Exercise brief ▸ The result should be the lines from the one holding "Barošanas krēsliņš ar" to the end of the records below, repeated exactly. No pictures.

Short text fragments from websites
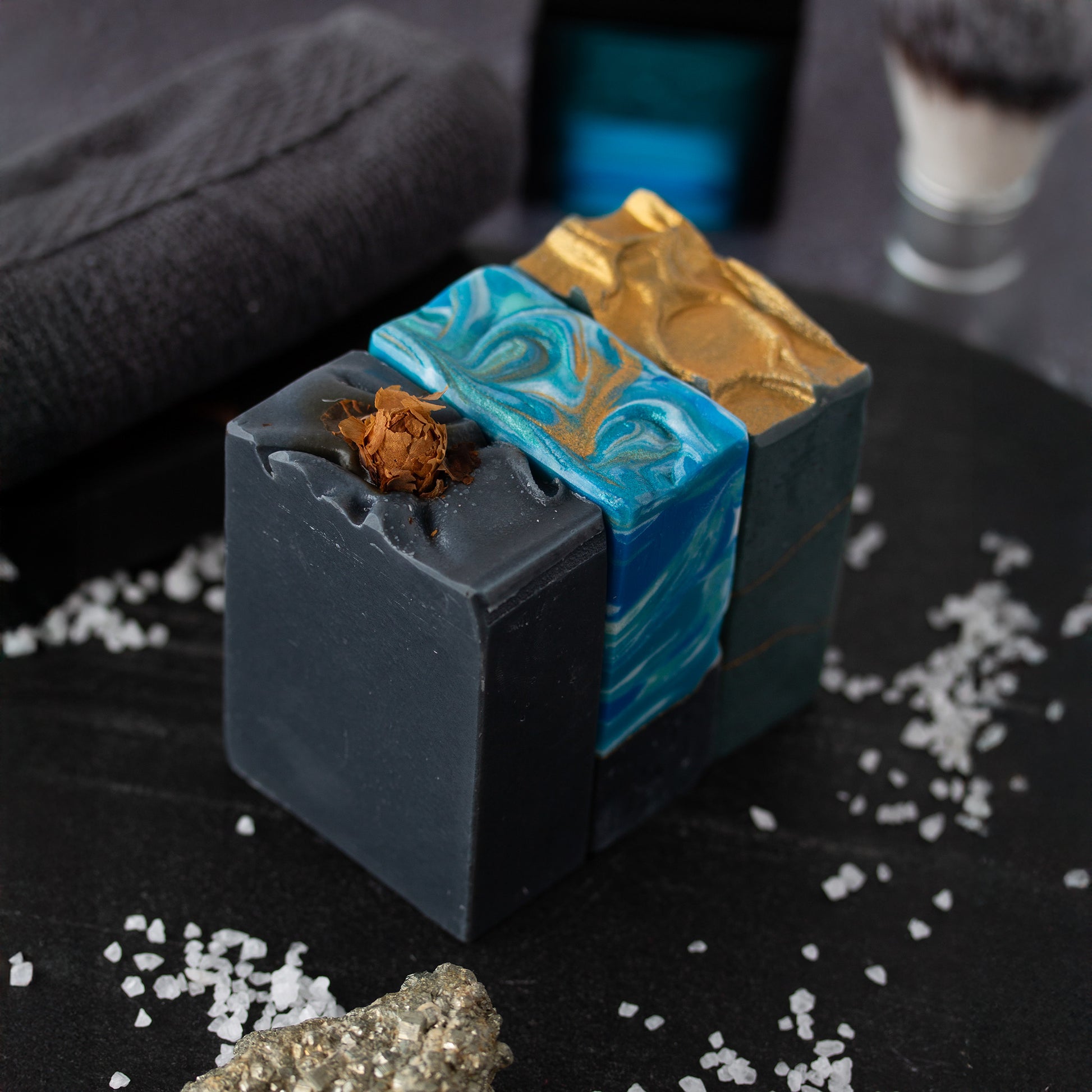 The Well Kept Man Father's Day soap gift set — Vetiver Scrub, Cooler Waters and Spa Facial Treatment Bar, handcrafted in Cape Town by Mi&U Soap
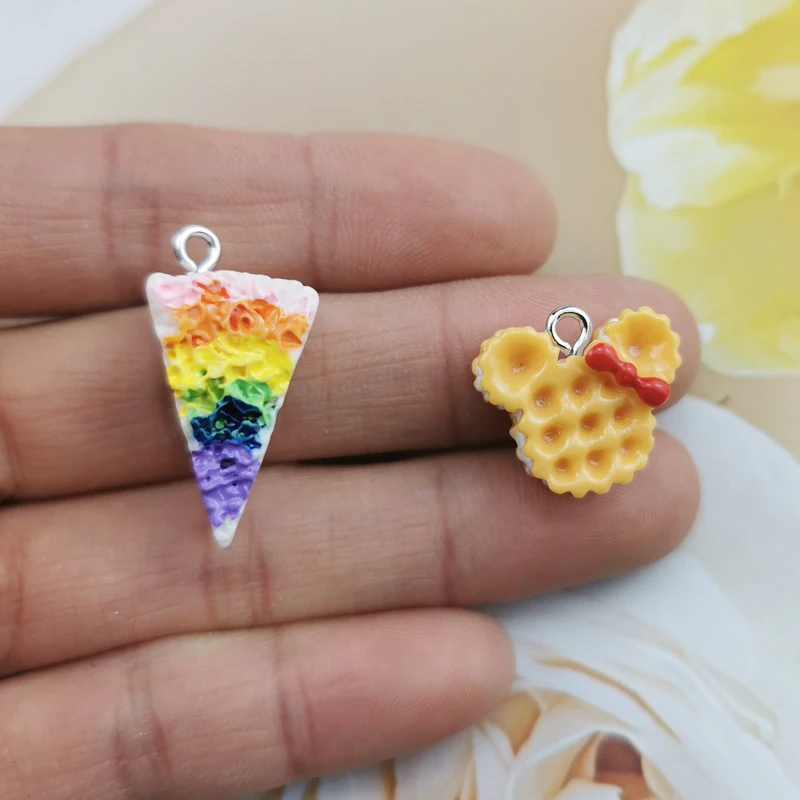 10pcs 3d resin rainbow triangle cake mickey cookie earring charms resin necklace pendant keychain jewelry finding phone case diy free global shipping
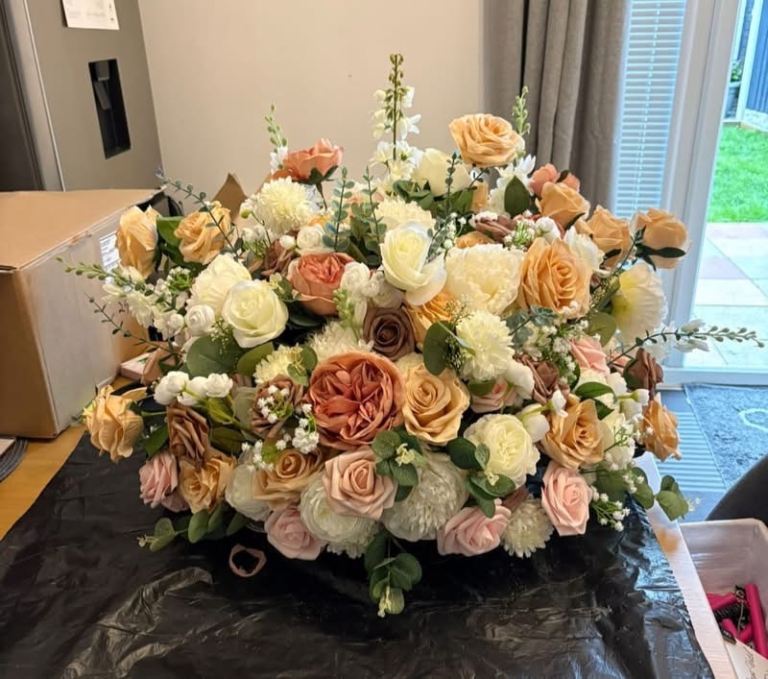 Large Artificial Flower Arrangement – Peaches, Creams & Pink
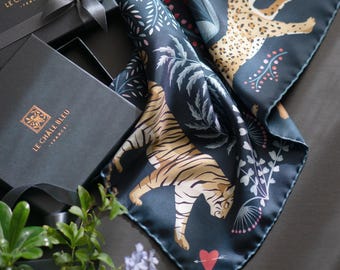 Mulberry Silk Bandana &quot;The Tiger&#39;s Bride&quot; – Midnight Blue. Printed Original Design Le Châle Bleu, France. Made in Italy Gift Box Silk Scarf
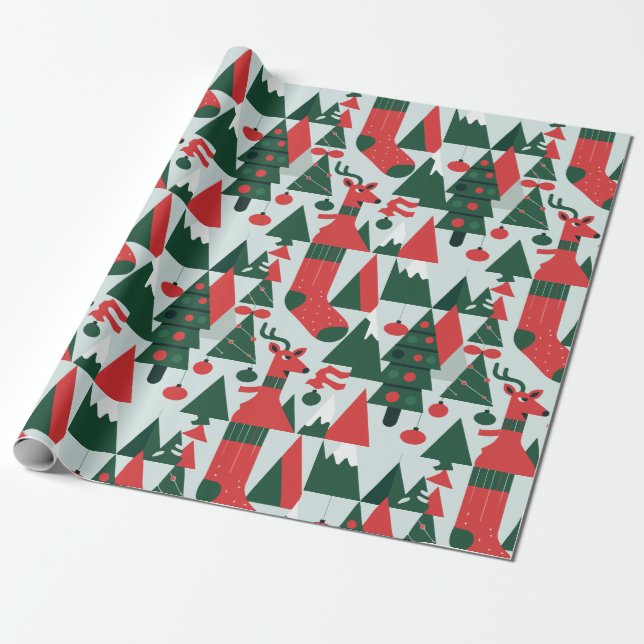 Red deer, cute christmas tree presentpapper (Utrullad)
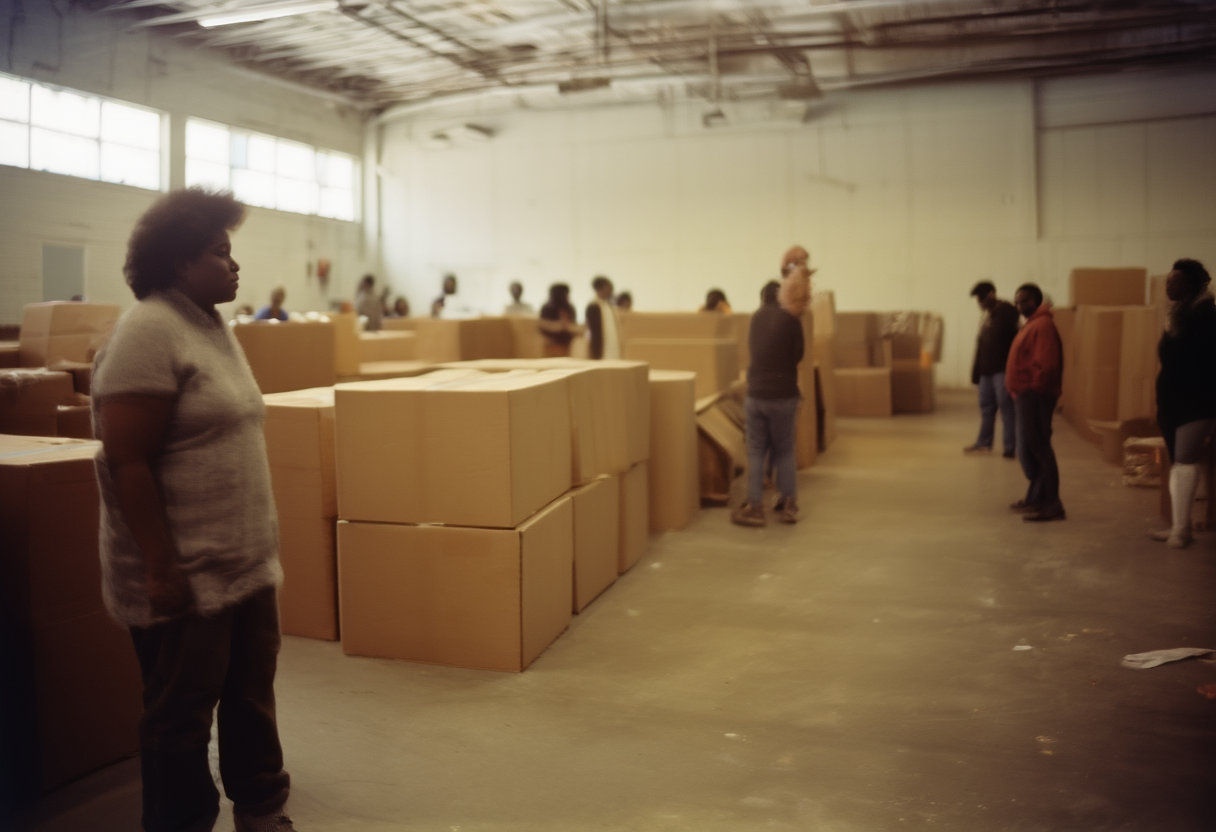 A former big-box store in Detroit converted to a community assembly space, where mesh-network members gather…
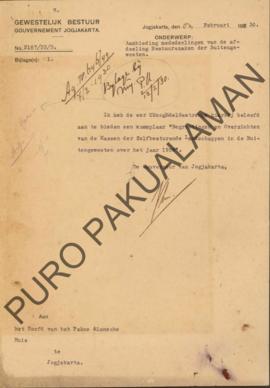 Surat dari Gubernur Jogjakarta untuk Het Hoofd Pakualamsche Huis di Jogjakarta tentang penawaran ...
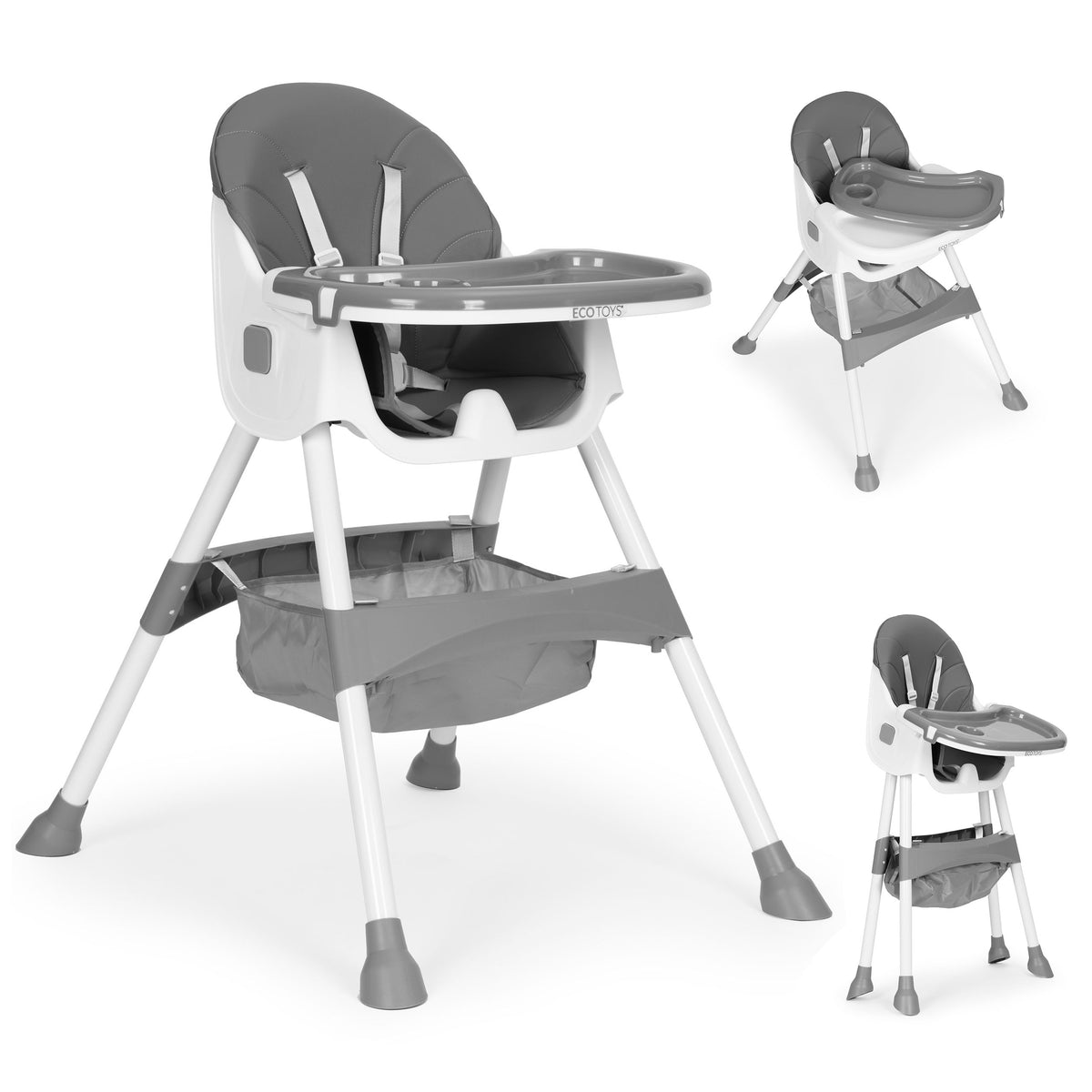 Barošanas krēsliņš ar paplāti, grozu un 5 punktu jostu, pelēks | EcoToys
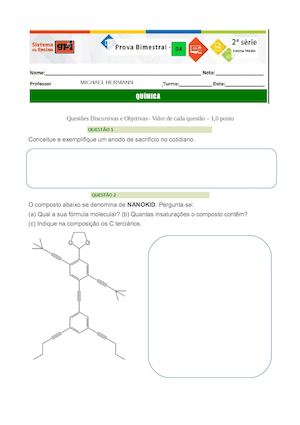 Prova de QUÍMICA 2º ANO GPI CAXIAS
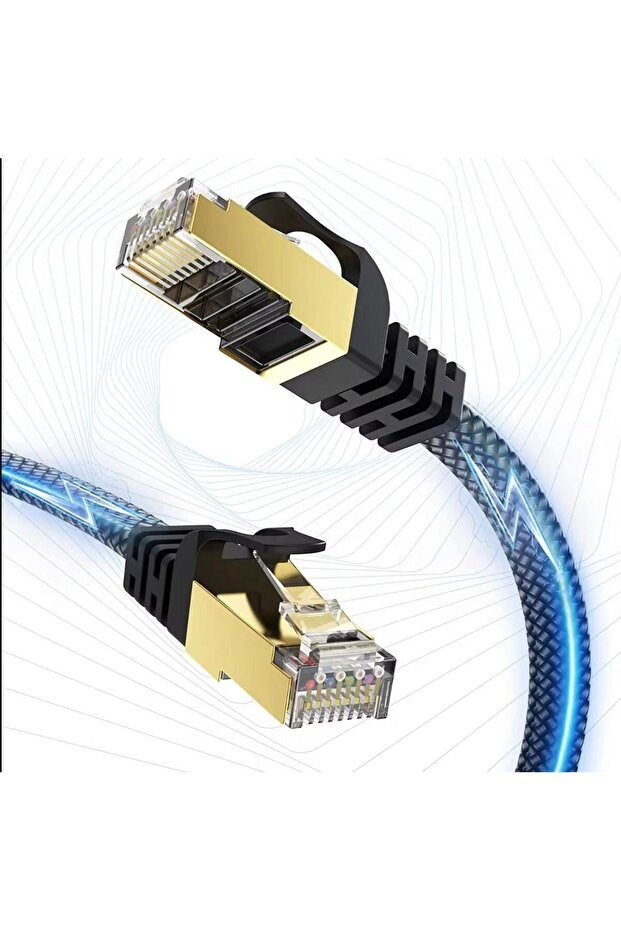 Cat 8 LAN Kablosu –Ethernet Kablosu Örgü Kaplama, Yüksek Hızlı (15 METRE)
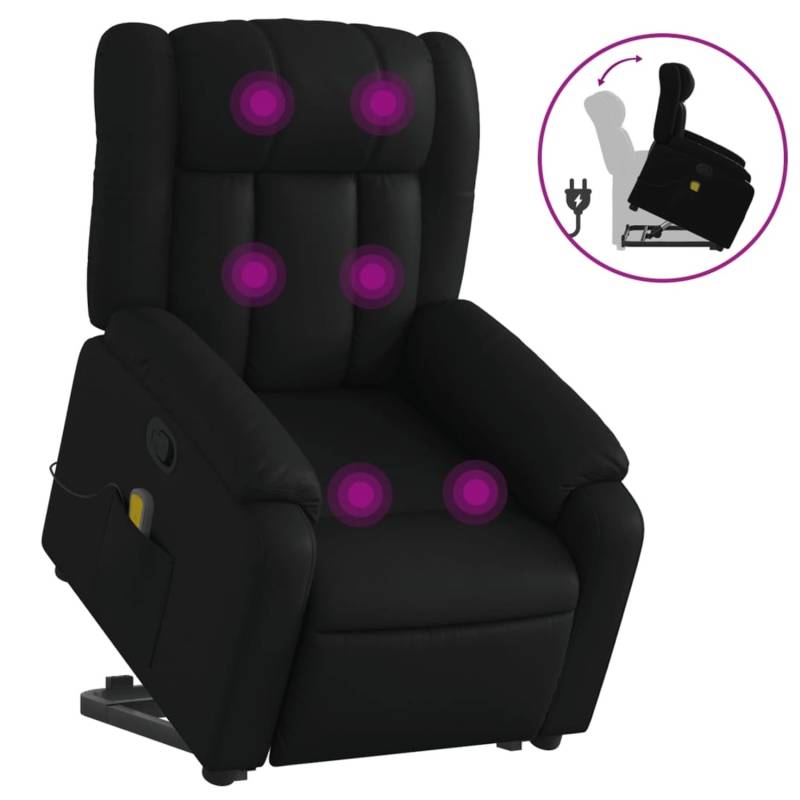 vidaXL Massagesessel mit Aufstehhilfe Schwarz Kunstleder Modell 6 von VIDAXL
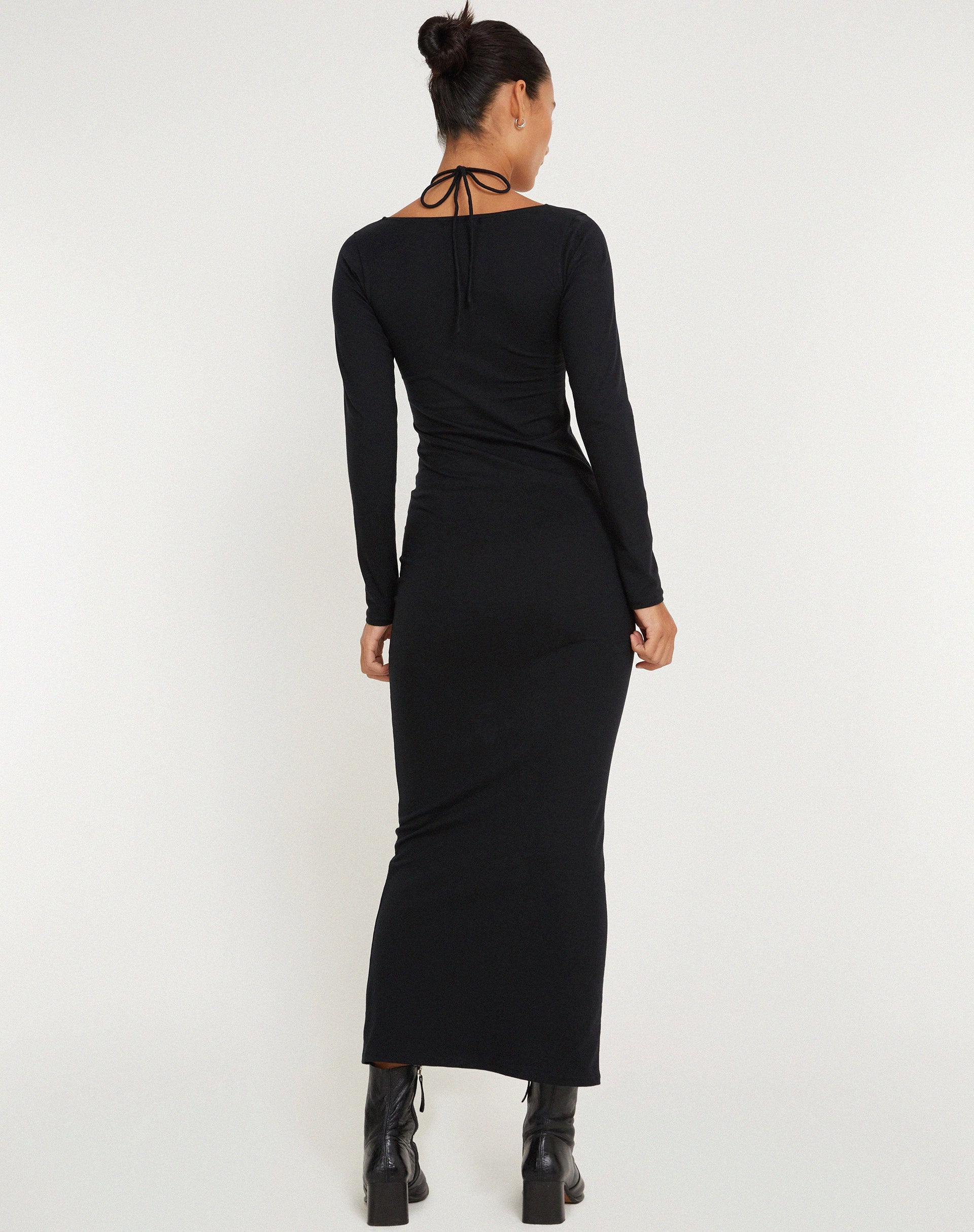 Bild von Delani Langärmeliges Midikleid in Schwarz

Exercise answer ▸
 Barošanas krēsliņš ar paplāti, grozu un 5 punktu jostu, pelēks | EcoToys
 Prova de QUÍMICA 2º ANO GPI CAXIAS
 Cat 8 LAN Kablosu –Ethernet Kablosu Örgü Kaplama, Yüksek Hızlı (15 METRE)
 vidaXL Massagesessel mit Aufstehhilfe Schwarz Kunstleder Modell 6 von VIDAXL
 Bild von Delani Langärmeliges Midikleid in Schwarz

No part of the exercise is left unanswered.